Na altura, as coisas estavam a correr-me no Lourinhanense, clube onde estava cedido pelo Sporting, apesar de jogar nos escalões secundários. E também na seleção. Estive no Torneio de Toulon em 1997, no qual Portugal chegou à final, joguei bem e acho que impressionei algumas pessoas, porque apareceram clubes interessados.
Mas a verdade é que foi contratado pelo Arsenal sem nunca ter jogado pela equipa principal do Sporting...
Sim, com muita mágoa minha nunca cheguei a jogar na equipa principal do Sporting. Só em jogos treino, que não contam. Jogos oficiais, naqueles a doer nunca cheguei a fazer.
Como recebeu a notícia do interesse do Arsenal?
Primeiro fui informado de que tinha um clube do top 5 de Inglaterra que me queria contratar. Não soube logo que era o Arsenal. Eu e o meu empresário, o Jorge Gama, fomos conversar com os responsáveis do Sporting, porque a verdade é que naquela altura eu não tinha interesse em sair do clube. Queria renovar, ver o meu contrato melhorado e ficar. Fomos falar com Simões de Almeida, o presidente do Sporting da altura. E foi-me dito que não o iriam fazer. Fiquei então com essa opção do futebol inglês em aberto. Segui para Inglaterra e só quando cheguei lá é que soube que era o Arsenal que me queria contratar. Obviamente não hesitei.
Boa Morte numa brincadeira com Emanuel Petit e Anelka para a televisão do Arsenal.

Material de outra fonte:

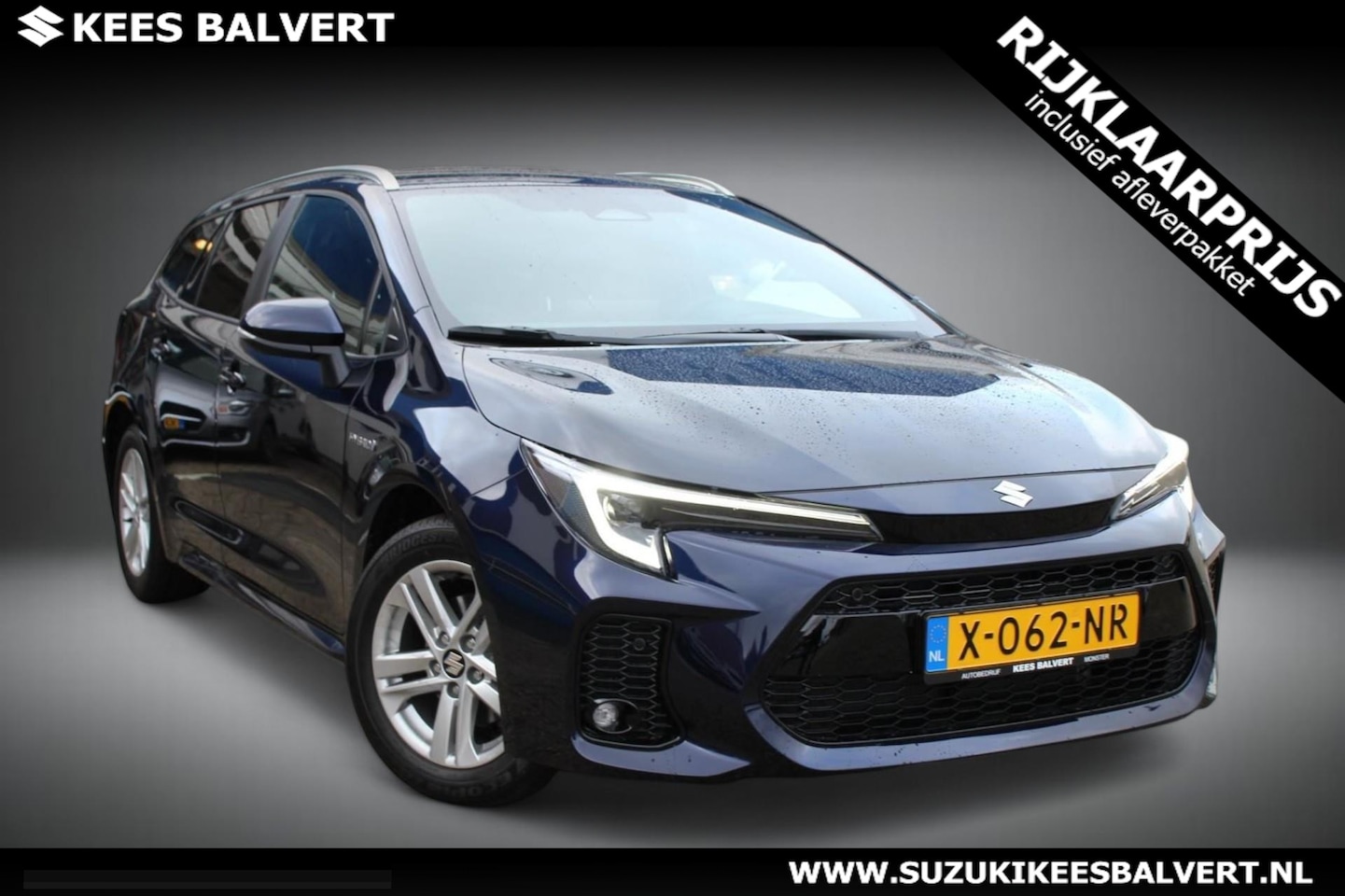 Suzuki Swace 1.8 Hybrid Style Automaat | Demo Deal | 6 jaar garantie |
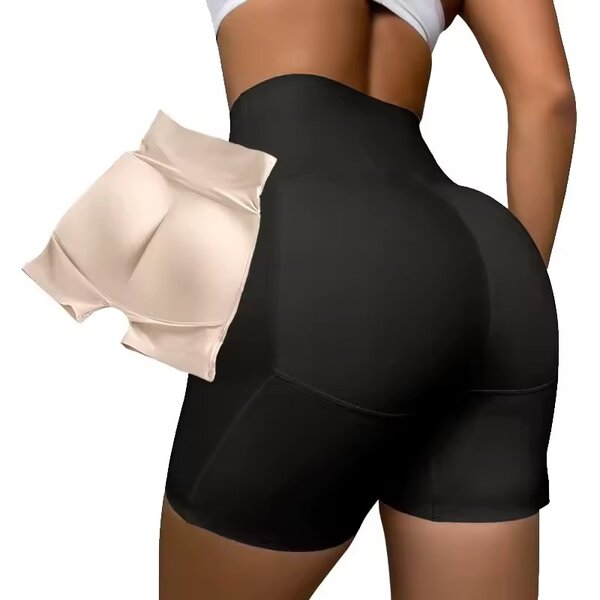 Shorts gainant sculptant femme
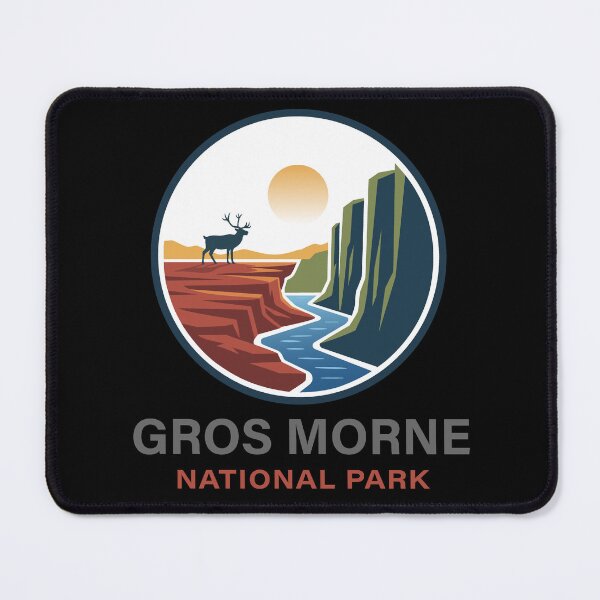 Item preview, Gros Morne National Park designed and sold by NPStudio.
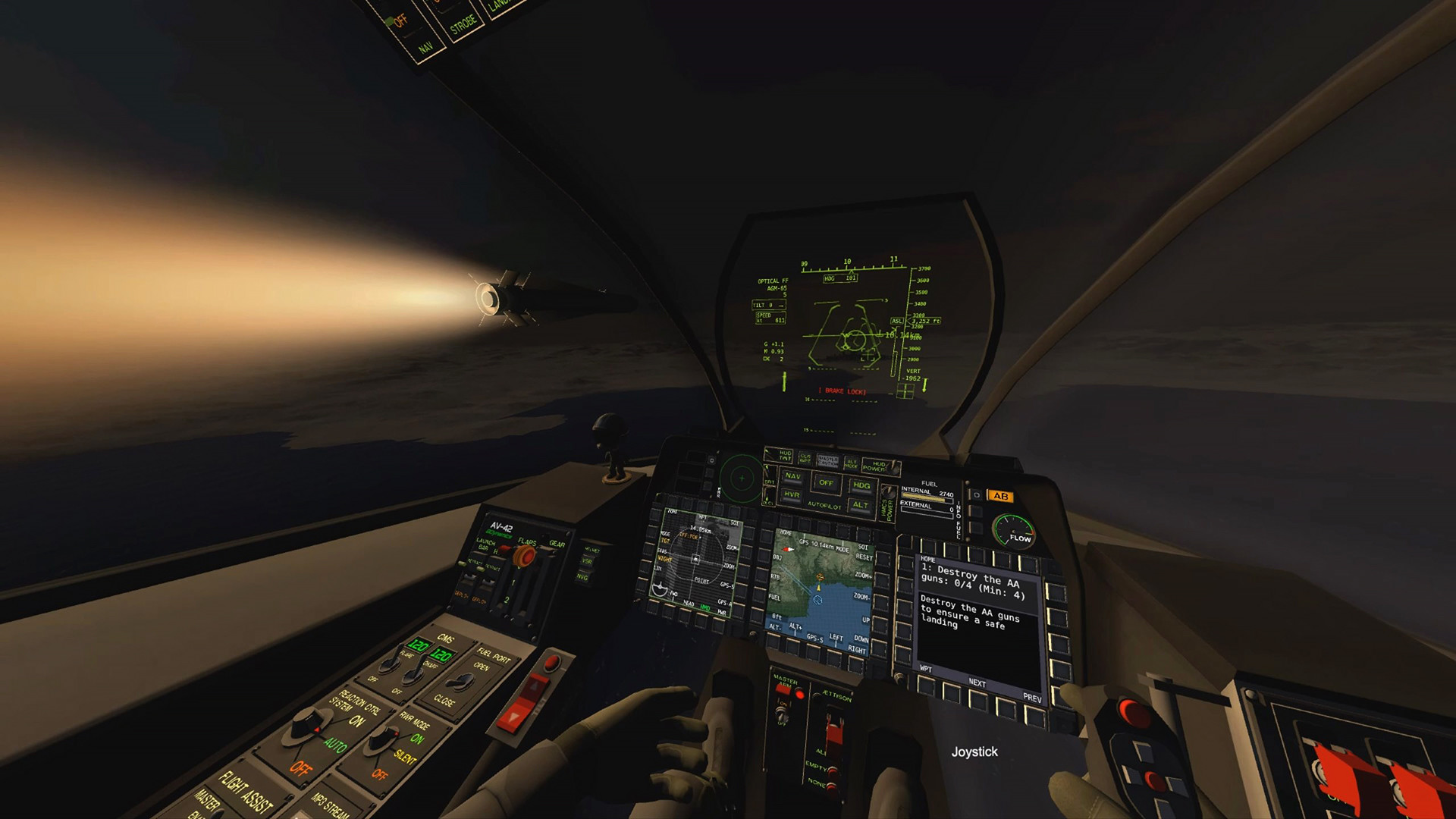 VTOL VR — screenshot 5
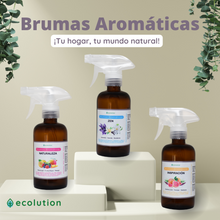 Cargar imagen en el visor de la galería, Bruma Aromática de Ambientes - NATURALEZA
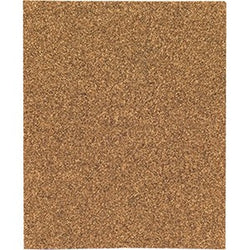 Norton 00356 9 x 11 150C MultiSand Paper Sheets UPC (25pk) LANC-208116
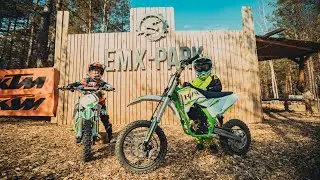 Electric Motocross Action for Kids | EMX-Park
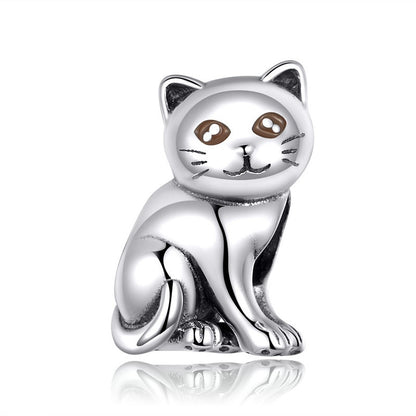 Pingente Gatinho Bamoer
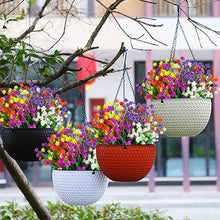 Last inn bildet i Galleri-visningsprogrammet, Utendørs kunstige blomster
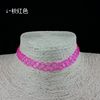 Japanese tattoo, short fashionable universal choker, new collection, European style, Korean style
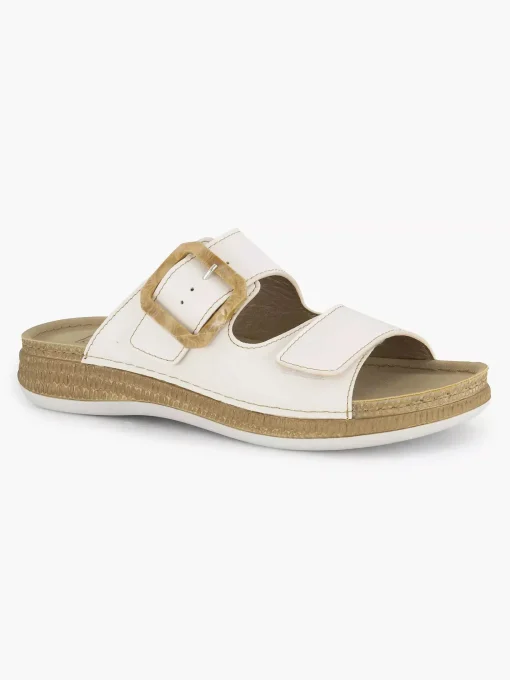 Witte Comfort Slipper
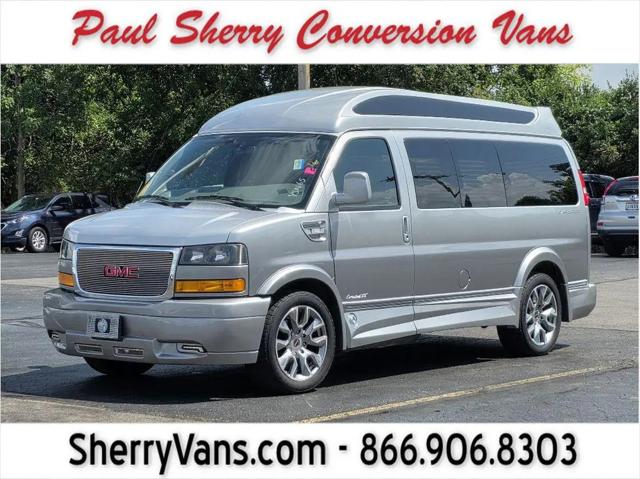 2022 GMC Savana Cargo RWD 2500 Regular Wheelbase Work Van for sale in Piqua, OH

Como foi o primeiro dia, ao ver ao seu lado craques como Ian Wright, Patrick Vieira, Marc Overmars, Dennis Bergkamp, David Seaman, Anelka, Emanuel Petit...
No primeiro dia quando cheguei fui logo ter com o treinador, o Arsène Wenger. Fui apresentado aos meus colegas, tal como outros jogadores novos que entraram. Na altura não tinha muita conversa, porque o meu inglês não era bom. Depois fomos trabalhar. Mas fui muito bem recebido por todos os meus colegas. Era um mundo completamente novo. De repente, estava ali a treinar no meio daquelas estrelas todas que eu via jogar na televisão.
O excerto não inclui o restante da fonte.